■ **TASK PROMPT**: Copy the listing exactly as given. Omit every picture.

■ **PROVIDED DATA**:
*** Begin section ***

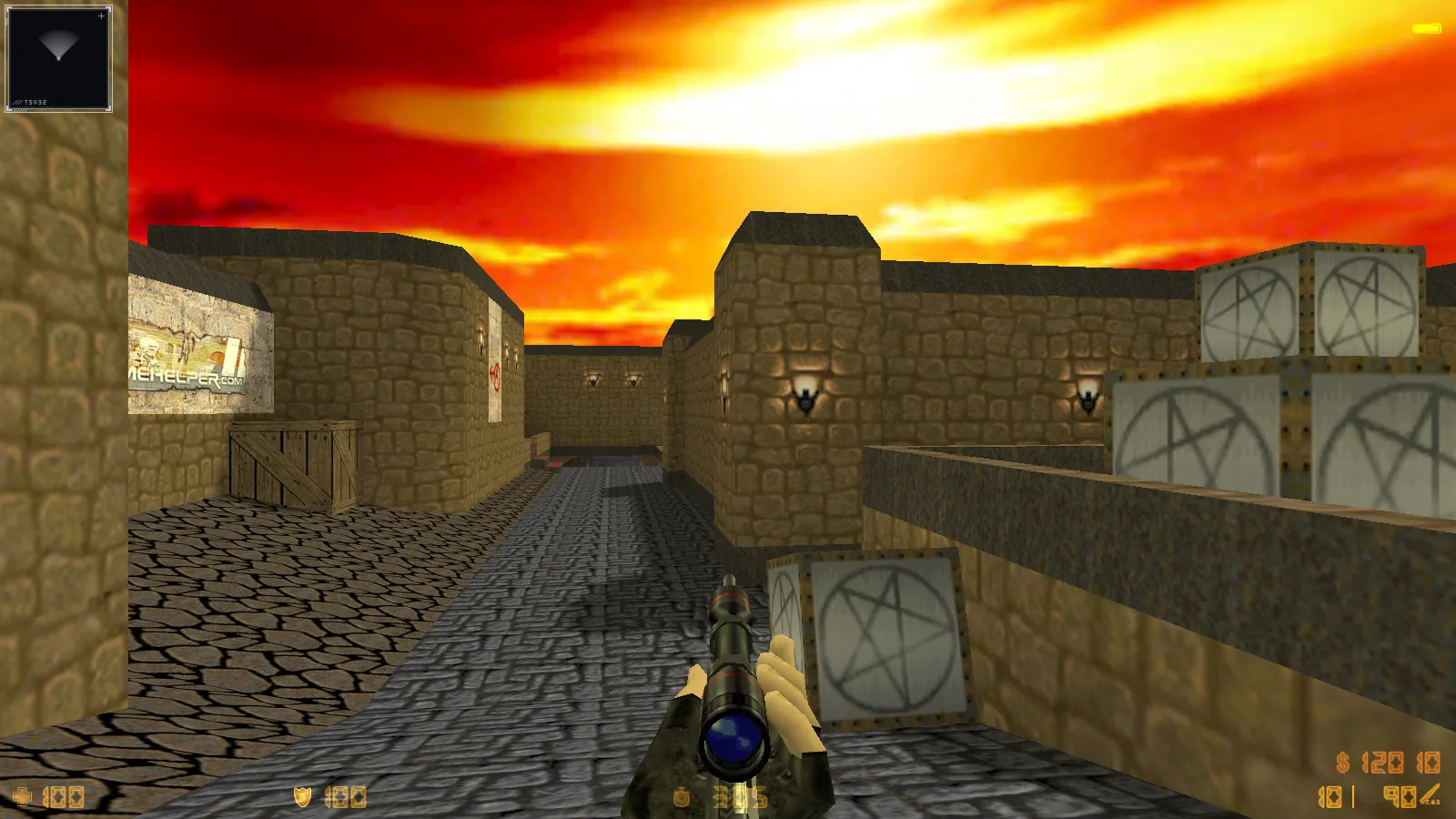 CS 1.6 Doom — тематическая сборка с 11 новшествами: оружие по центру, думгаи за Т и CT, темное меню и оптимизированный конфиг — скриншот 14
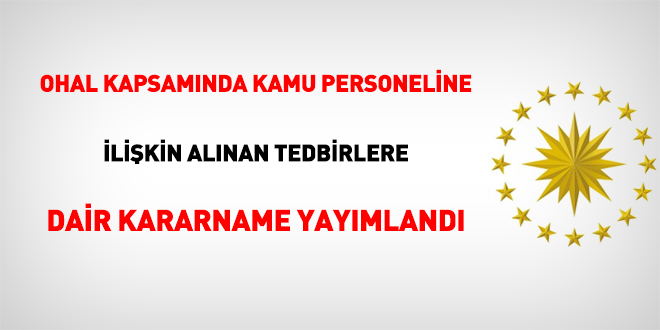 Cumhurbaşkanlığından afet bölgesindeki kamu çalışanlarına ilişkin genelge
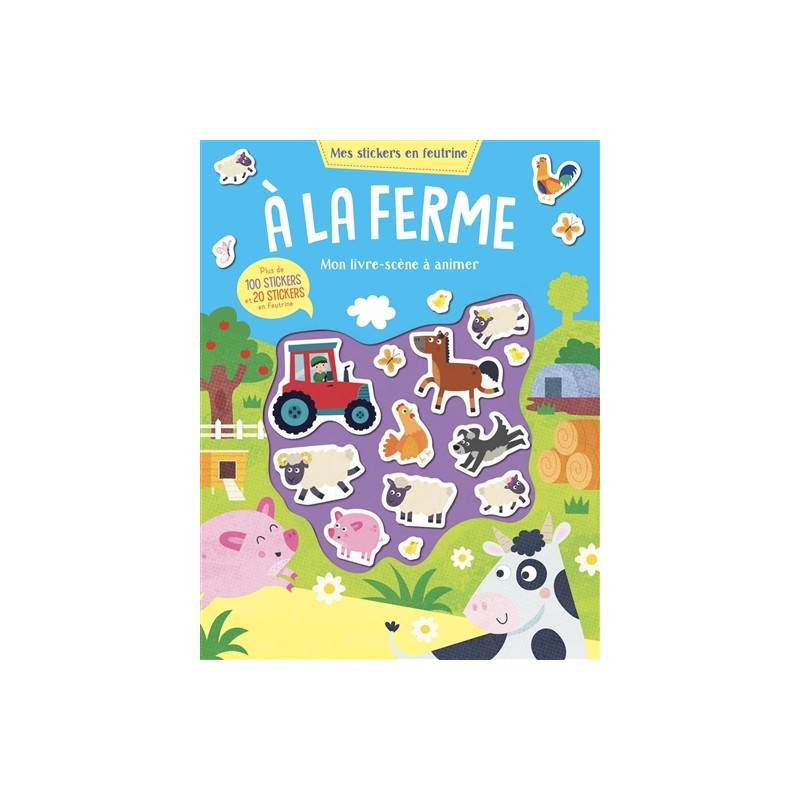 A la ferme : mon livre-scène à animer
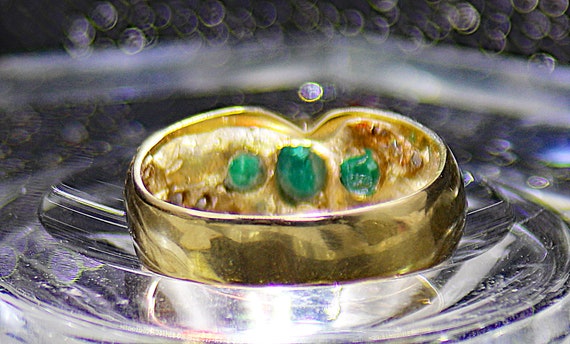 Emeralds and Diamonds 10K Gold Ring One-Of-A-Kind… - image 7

*** End section ***

■ **TASK RESPONSE**:
 CS 1.6 Doom — тематическая сборка с 11 новшествами: оружие по центру, думгаи за Т и CT, темное меню и оптимизированный конфиг — скриншот 14
 Cumhurbaşkanlığından afet bölgesindeki kamu çalışanlarına ilişkin genelge
 A la ferme : mon livre-scène à animer
 Emeralds and Diamonds 10K Gold Ring One-Of-A-Kind… - image 7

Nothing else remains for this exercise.